◆ Problem description: Every entry below should be written out exactly, and no image should appear.

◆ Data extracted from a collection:

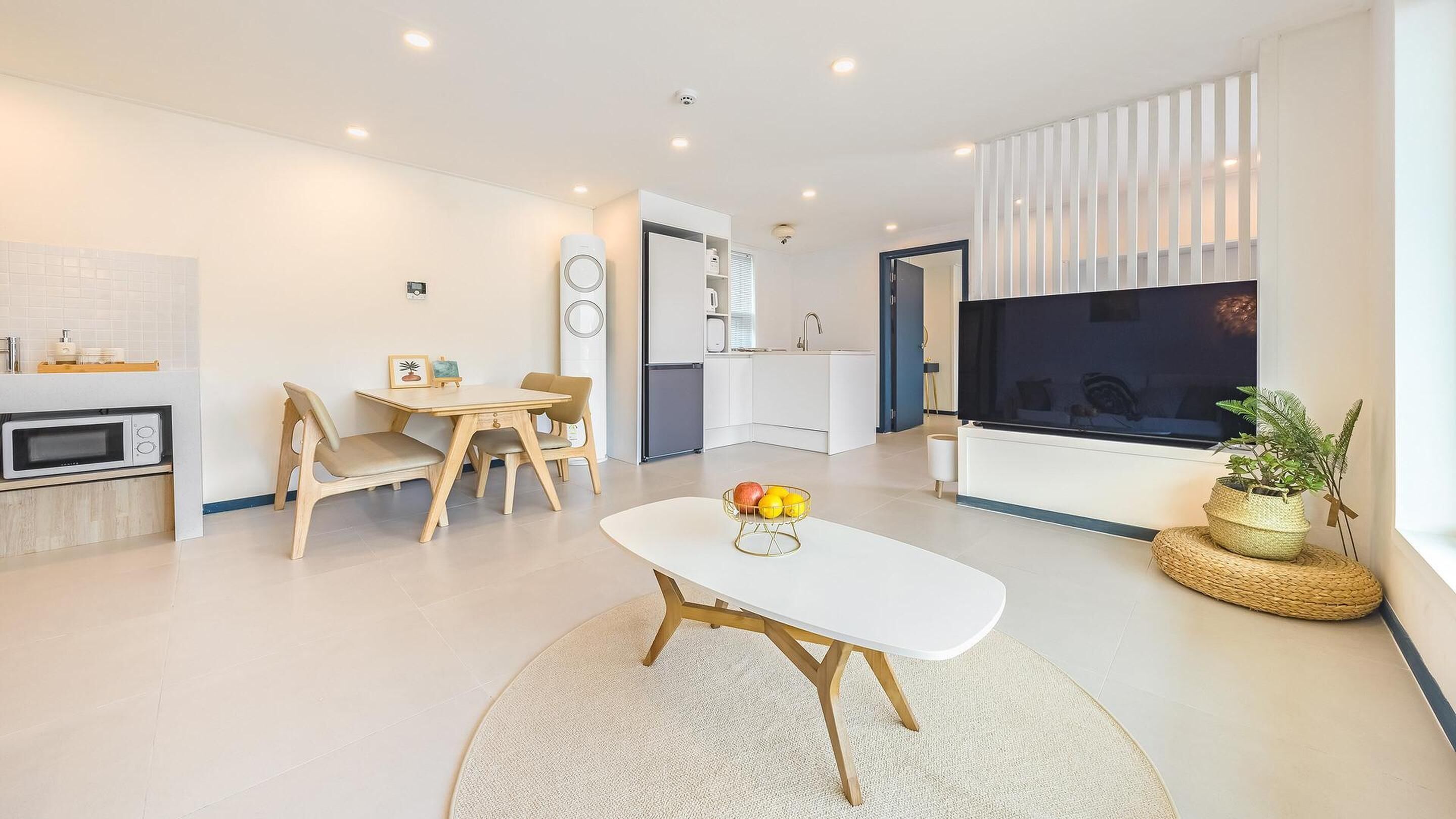A modern apartment with a kitchen, dining area, and living room.
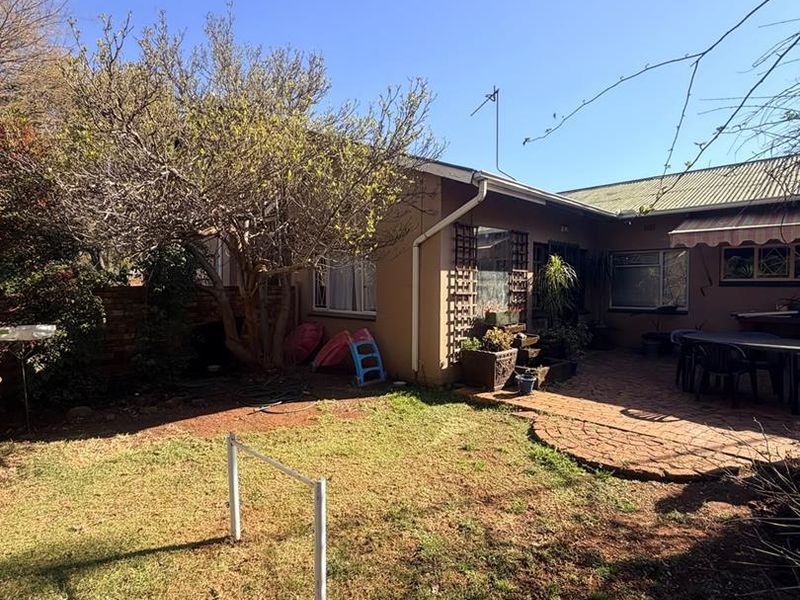 Rear view of the property featuring a brick paved patio area, established garden, and metal roof structure.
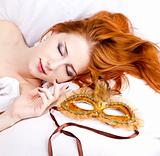 Sleeping woman near carnival mask.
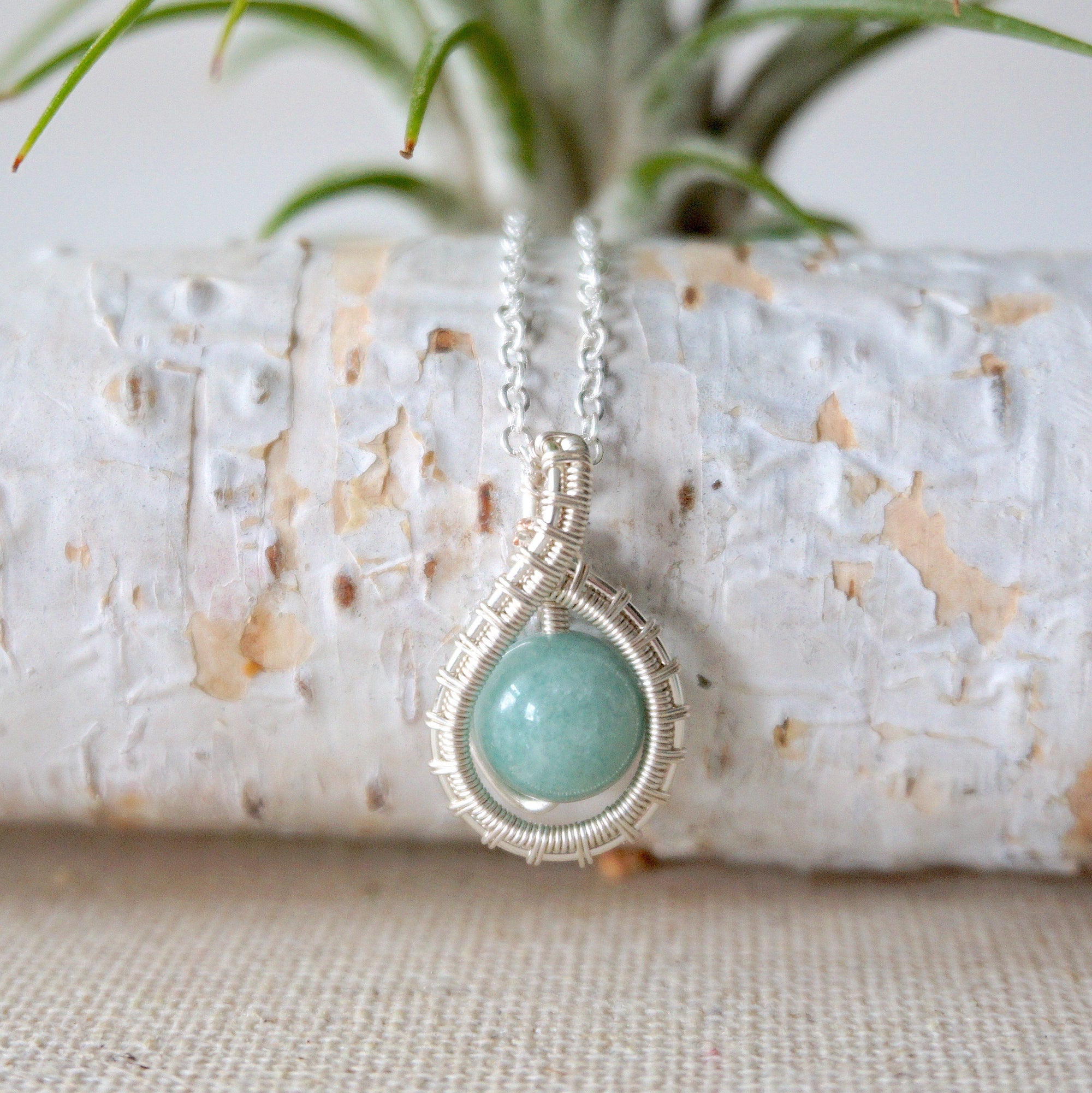 Detailed front view of aquamarine necklace for women, artisan wire wrapped in soft silver finish, Designs by Nature Gems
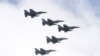 Тайванські винищувачі F-16 над Офісом президента під час святкування Національного дня перед будівлею президента в Тайбеї, Тайвань, 10 жовтня 2021 року. AP Photo/Chiang Ying-ying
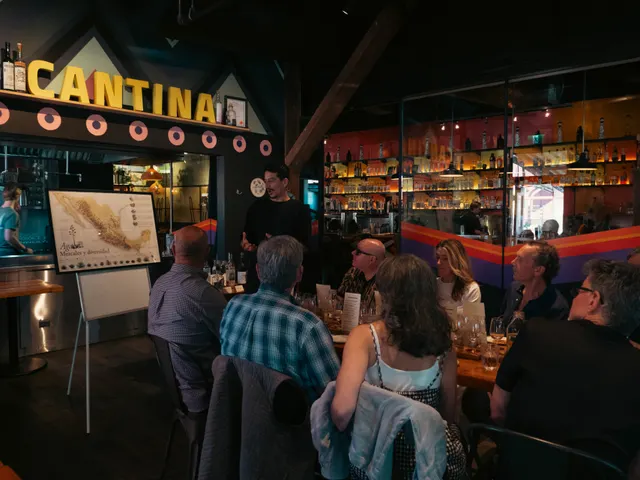 Guests attending an agave workshop inside Alimentaria Mexicana's cantina, with its bottle shelves and CANTINA sign behind them.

◆ Expected output:
A modern apartment with a kitchen, dining area, and living room.
 Rear view of the property featuring a brick paved patio area, established garden, and metal roof structure.
 Sleeping woman near carnival mask.
 Detailed front view of aquamarine necklace for women, artisan wire wrapped in soft silver finish, Designs by Nature Gems
 Тайванські винищувачі F-16 над Офісом президента під час святкування Національного дня перед будівлею президента в Тайбеї, Тайвань, 10 жовтня 2021 року. AP Photo/Chiang Ying-ying
 Guests attending an agave workshop inside Alimentaria Mexicana's cantina, with its bottle shelves and CANTINA sign behind them.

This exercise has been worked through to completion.